Groupon. The fastest growing company ever.
In my TECHNOLOGY RANKINGS, Groupon scores a stellar '30'. That pretty much assures long-term success (at least during this decade of the smartphone wars).
Not that Groupon needs my affirmation. The company hit the sweet spot of business model meets instant tipping point of technology and need and desire and capability. So much so that probably the biggest effort facing Groupon now is building thesmelves fast enough to hold off all the counterfeiters.
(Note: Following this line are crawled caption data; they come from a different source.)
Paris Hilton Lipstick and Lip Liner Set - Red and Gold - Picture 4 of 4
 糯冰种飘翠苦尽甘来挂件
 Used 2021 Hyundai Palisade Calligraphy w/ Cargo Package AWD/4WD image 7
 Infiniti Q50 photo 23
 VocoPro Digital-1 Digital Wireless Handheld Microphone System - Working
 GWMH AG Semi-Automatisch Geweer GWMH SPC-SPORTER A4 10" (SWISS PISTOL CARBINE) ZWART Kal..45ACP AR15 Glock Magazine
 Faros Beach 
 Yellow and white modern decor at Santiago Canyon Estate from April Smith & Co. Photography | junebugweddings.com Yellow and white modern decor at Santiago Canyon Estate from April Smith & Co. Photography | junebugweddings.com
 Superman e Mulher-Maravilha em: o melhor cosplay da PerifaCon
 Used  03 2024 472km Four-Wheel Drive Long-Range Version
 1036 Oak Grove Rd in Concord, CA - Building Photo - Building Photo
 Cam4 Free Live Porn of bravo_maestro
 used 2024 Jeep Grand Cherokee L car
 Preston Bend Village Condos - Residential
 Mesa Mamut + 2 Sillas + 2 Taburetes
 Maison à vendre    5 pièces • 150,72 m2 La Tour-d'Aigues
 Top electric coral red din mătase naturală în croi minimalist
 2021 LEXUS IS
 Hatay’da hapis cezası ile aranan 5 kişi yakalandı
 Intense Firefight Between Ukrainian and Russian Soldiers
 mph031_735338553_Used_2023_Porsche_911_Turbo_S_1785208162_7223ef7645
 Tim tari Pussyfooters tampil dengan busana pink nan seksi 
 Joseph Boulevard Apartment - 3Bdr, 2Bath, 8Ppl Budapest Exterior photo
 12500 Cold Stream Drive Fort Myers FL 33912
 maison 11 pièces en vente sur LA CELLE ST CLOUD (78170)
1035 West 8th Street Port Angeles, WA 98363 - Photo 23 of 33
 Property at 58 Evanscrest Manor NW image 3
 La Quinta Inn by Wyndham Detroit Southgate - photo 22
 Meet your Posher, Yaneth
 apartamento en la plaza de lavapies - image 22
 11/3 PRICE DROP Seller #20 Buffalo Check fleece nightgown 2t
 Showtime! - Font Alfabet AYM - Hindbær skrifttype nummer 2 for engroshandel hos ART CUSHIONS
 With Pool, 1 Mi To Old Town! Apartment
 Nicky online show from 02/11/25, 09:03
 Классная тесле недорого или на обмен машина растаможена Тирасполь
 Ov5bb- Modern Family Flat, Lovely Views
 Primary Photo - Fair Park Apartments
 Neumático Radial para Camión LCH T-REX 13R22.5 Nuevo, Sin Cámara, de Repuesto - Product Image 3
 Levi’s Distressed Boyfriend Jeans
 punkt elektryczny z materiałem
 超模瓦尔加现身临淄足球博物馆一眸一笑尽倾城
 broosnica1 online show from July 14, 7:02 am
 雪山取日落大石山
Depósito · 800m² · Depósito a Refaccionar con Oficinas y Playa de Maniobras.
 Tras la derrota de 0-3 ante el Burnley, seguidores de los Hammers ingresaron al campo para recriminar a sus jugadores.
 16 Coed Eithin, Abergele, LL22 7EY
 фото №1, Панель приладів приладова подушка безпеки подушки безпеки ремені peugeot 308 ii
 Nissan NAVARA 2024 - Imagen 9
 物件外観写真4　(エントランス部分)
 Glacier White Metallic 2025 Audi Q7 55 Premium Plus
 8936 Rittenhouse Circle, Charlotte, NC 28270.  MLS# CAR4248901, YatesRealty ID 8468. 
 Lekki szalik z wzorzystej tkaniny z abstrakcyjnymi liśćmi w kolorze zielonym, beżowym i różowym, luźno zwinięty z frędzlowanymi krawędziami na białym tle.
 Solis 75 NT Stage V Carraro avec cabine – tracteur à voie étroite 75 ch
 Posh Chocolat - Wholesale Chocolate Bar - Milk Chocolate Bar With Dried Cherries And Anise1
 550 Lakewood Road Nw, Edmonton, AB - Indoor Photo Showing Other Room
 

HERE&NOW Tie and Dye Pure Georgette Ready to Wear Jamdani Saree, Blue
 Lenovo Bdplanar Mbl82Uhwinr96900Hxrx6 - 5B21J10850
Forbes profiles the company that is leveraging the real-time social mobile web as well as just about anybody:
Unlike so many dot-com rockets, Groupon is a real business. Occupying 85,000 square feet inside a rehabbed eight-story former Montgomery Ward warehouse in Chicago's River North neighborhood, the company is on track to pass $500 million in revenue this year, according to a report Morgan Stanley ( MS - news - people ) put together to win some underwriting business. No technology stalwart--including Ebay, Amazon.com ( AMZN - news - people ), Yahoo ( YHOO - news - people ), AOL and Google--grew that big that fast. At just 17 months old this April Groupon boasted a $1.35 billion valuation when it raised $135 million, the biggest chunk of it from Digital Sky Technologies, the curious Moscow investment fund behind Facebook and Zynga. (Mason will not disclose his stake, which he says is less than 50%.) The only company to reach a $1 billion valuation faster was YouTube (now part of Google), founded in 2005 and still waiting to turn its first profit. Groupon broke into the black just seven months after inception.
*Note: I'm considering abandoning my Technology Rankings and just basing the future success of a technology company based on whether or not some unnamed Russian oligarch is an early major investor. Opulence? I has it.